New Yorkers should be against any pay raises for Albany lawmakers not because they don't deserve them (although they don't) or because they didn't earn them (although they didn't). Our fellow state residents should be against the pay increases because lawmakers didn't ask us first.
The state constitution only allows for one session of the legislature to vote for an increase in salary for the next session. But just because legislators can do it, doesn't mean they should. There is a small window every two years just after an election in November and just before the start of the next session in January that allows for the legislature to legally vote itself a raise without being subject to the voters for the other two years.
Our current calendar is in that small window right now -- and Albany lawmakers are in serious talks to take advantage of it.
Theoretically, we shouldn't necessarily be against a pay increase for our elected representatives. Better salaries for those who write our state laws -- coupled with a limit on their outside employment activities, of course -- might make for better representation and more competitors willing to throw hats into the ring for more competitive elections. In addition, the last time a raise was approved by the Empire State's legislature and governor, as required, was in 1999. Today, 213 lawmakers earn a base salary of $79,500, though many also draw stipends of $9,000 to $41,000 for leadership positions or committee chairmanships.
Yet before we give them more money, let's look at what they are already getting paid to do or, more accurately, not do.

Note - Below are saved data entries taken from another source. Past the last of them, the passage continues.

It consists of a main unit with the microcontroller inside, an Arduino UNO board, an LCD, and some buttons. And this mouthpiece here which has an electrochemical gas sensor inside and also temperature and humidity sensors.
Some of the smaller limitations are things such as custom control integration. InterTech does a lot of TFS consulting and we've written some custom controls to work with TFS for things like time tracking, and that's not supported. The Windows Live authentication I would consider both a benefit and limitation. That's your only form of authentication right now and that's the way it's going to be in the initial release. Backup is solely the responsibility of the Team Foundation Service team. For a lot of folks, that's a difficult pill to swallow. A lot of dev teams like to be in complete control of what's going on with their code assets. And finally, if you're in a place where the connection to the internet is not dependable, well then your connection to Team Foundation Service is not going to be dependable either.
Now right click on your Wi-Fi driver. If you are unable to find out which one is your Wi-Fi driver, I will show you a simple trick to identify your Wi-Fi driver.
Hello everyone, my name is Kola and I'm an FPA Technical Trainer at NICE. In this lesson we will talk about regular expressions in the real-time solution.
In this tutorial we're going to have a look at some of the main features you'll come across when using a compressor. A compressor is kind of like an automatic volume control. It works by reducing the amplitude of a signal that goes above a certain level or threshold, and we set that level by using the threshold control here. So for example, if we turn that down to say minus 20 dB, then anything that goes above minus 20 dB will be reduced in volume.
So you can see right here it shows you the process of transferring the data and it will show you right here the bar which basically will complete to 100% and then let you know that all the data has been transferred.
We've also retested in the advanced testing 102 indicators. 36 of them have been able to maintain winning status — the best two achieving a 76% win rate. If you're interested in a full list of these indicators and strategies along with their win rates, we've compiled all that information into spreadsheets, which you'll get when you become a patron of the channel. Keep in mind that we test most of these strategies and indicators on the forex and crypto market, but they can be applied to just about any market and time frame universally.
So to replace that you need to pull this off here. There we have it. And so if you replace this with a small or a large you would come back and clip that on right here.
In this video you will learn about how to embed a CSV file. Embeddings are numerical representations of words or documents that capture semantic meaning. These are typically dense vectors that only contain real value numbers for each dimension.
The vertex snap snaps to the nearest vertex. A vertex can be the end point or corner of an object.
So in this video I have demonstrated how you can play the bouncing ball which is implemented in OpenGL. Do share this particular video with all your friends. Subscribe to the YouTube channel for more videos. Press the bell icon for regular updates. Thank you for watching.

The 2014 calendar only called for the State Senate to meet for 59 days and the Assembly to meet for 61 days. The $79,500 annual salary of these part-time Albany lawmakers (not including travel and other stipends) makes the 213 state legislators the third highest paid in the country. Only California and Pennsylvania pay their state lawmakers more.
Citizens should be the first line of defense against the potential of overreaching by politicians -- not be an afterthought. The debate being held in New York for increased compensation, if there is one, is among a select few of those who wield power and stand to personally gain from its passage. The conversation wasn't introduced to voters before an election but, instead, sprung as a post-election "gotcha."
Yet the reason for the sneaky oversight of leaving we, the people, out of the discussion is obvious: Why would legislators submit a controversial action for judgment of the voters if the law doesn't require them to do so? "Because it's the right thing to do," is not a sentence we hear much out of Albany. If we begin by expecting them to do the right thing, maybe they will start to consider the prospect.
"Show me the money!" demanded Eric Adams, then a state senator, from the floor of Albany's upper house in December of 2007. The season of giving upon them, that legislature was also considering being charitable toward its members with a holiday gift courtesy of the taxpayers in the form of a pay raise. Although a salary increase was not approved that year -- and Adams has since become Brooklyn borough president -- the sentiment has remained.
If state lawmakers deserve a raise, they should make their case directly to -- not around -- the taxpayers who would bear the burden of paying for it. "Those who pay are the masters of those who are paid," New Yorker Alexander Hamilton said in 1787. The action being considered in Albany today would invert this logic.
Let's reject the raises . . . if we're asked.